Stored data entries
<<<<

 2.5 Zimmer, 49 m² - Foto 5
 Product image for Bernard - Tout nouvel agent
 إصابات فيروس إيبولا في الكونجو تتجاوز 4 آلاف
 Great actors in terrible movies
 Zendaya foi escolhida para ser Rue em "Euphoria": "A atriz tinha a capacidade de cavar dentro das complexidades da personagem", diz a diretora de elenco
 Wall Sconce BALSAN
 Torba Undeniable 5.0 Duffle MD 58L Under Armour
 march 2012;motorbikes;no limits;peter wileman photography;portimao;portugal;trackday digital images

>>>>
<<<<

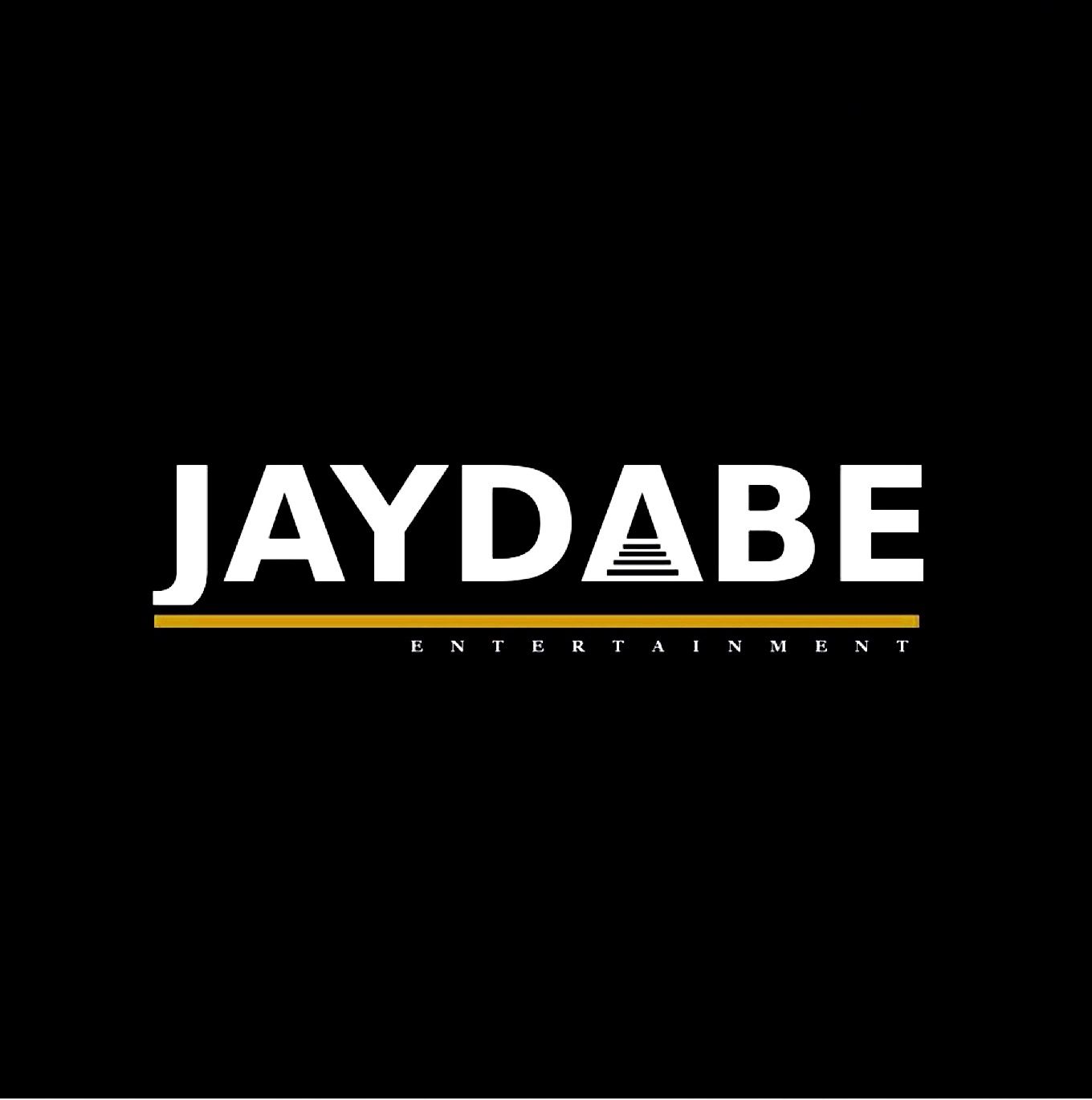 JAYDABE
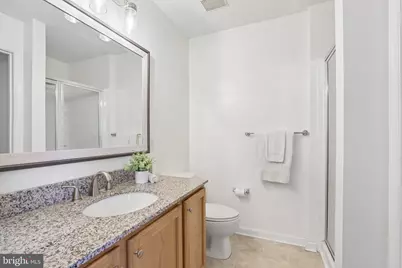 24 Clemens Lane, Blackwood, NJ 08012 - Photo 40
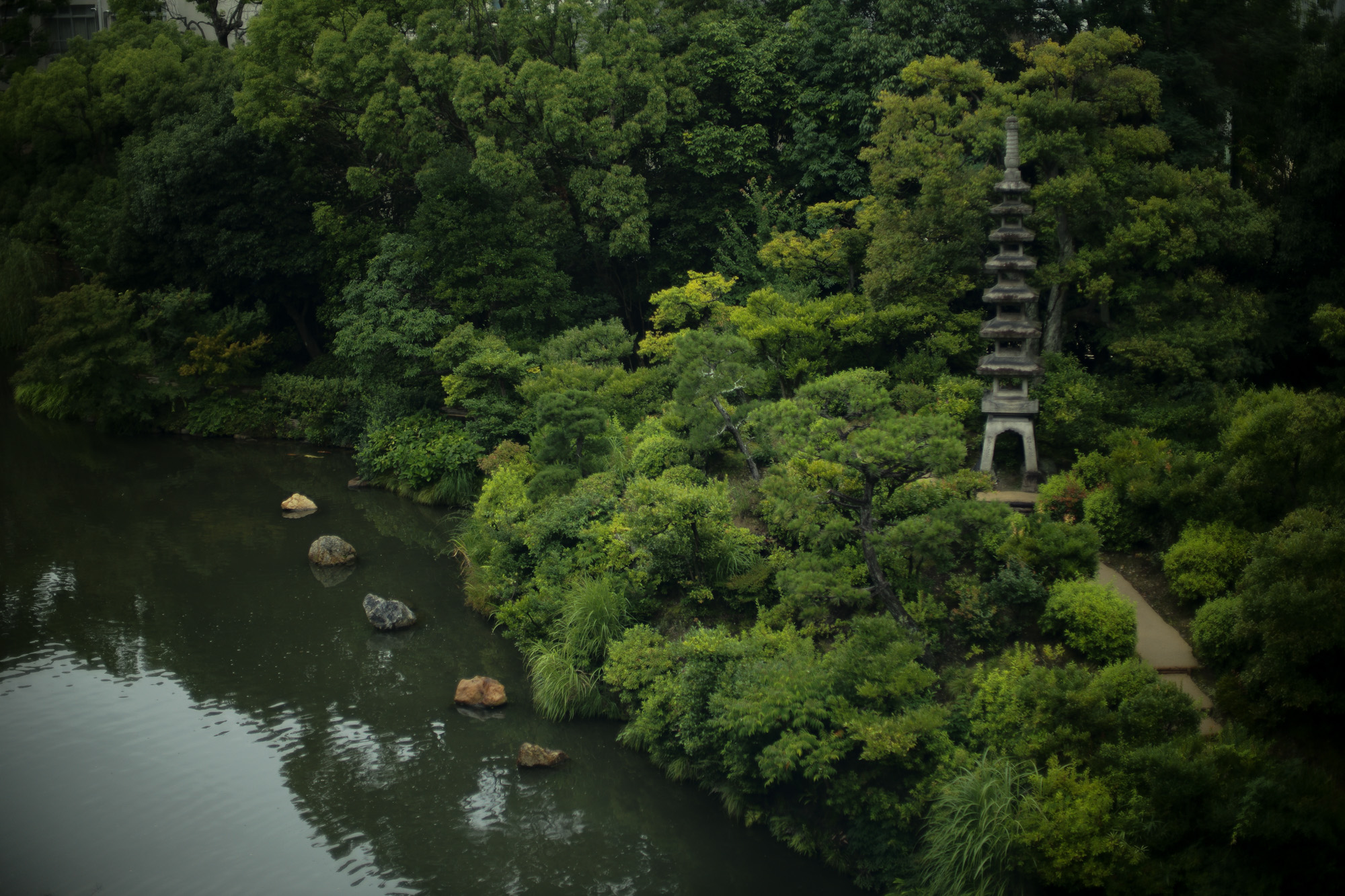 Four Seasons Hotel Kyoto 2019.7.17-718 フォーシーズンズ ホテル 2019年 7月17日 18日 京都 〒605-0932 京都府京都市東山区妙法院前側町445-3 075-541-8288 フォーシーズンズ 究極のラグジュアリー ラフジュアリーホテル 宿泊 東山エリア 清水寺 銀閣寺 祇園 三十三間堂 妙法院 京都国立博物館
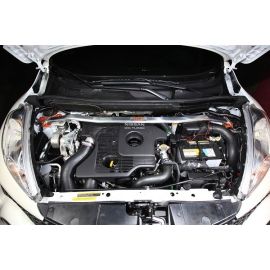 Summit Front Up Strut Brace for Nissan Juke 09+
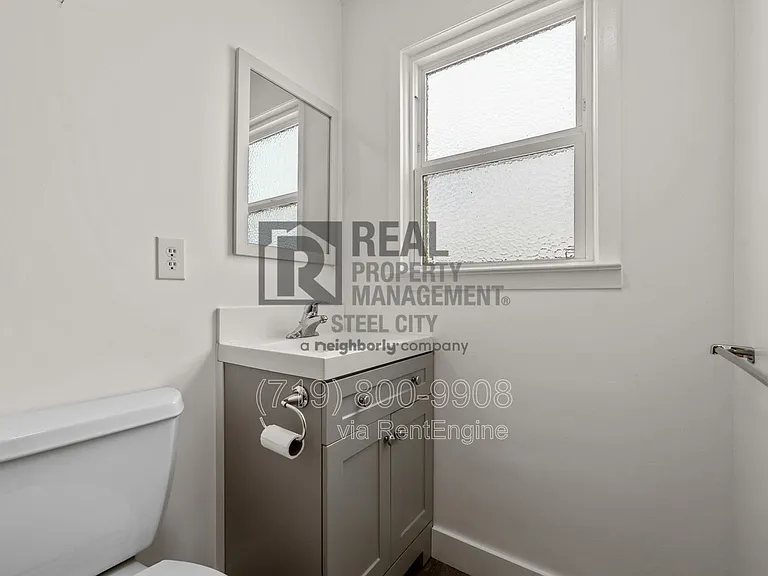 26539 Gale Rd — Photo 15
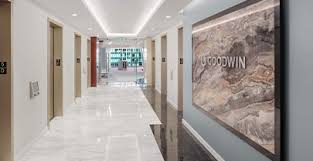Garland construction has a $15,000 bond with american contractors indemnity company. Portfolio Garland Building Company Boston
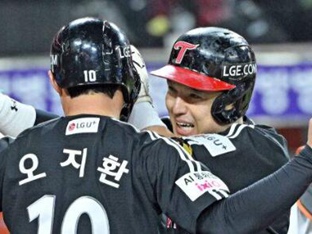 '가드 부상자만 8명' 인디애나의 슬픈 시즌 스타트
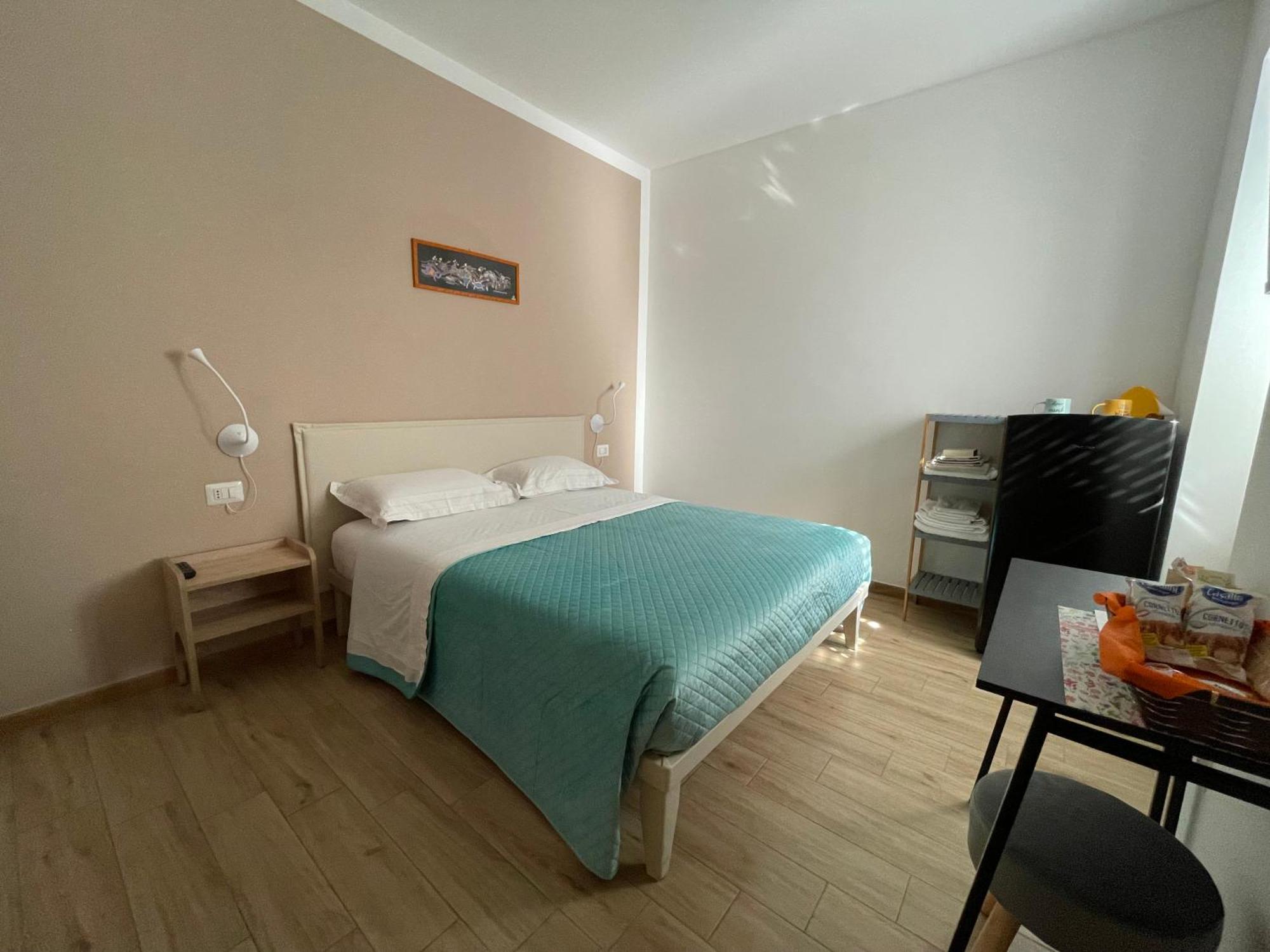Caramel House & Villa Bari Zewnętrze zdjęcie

>>>>

From the records above, extract the lines from the one holding "Summit Front Up" through the one holding "Caramel House & Villa Bari Zewnętrze zdjęcie", word for word; omit the pictures.

 Summit Front Up Strut Brace for Nissan Juke 09+
 26539 Gale Rd — Photo 15
Garland construction has a $15,000 bond with american contractors indemnity company. Portfolio Garland Building Company Boston
 '가드 부상자만 8명' 인디애나의 슬픈 시즌 스타트
Caramel House & Villa Bari Zewnętrze zdjęcie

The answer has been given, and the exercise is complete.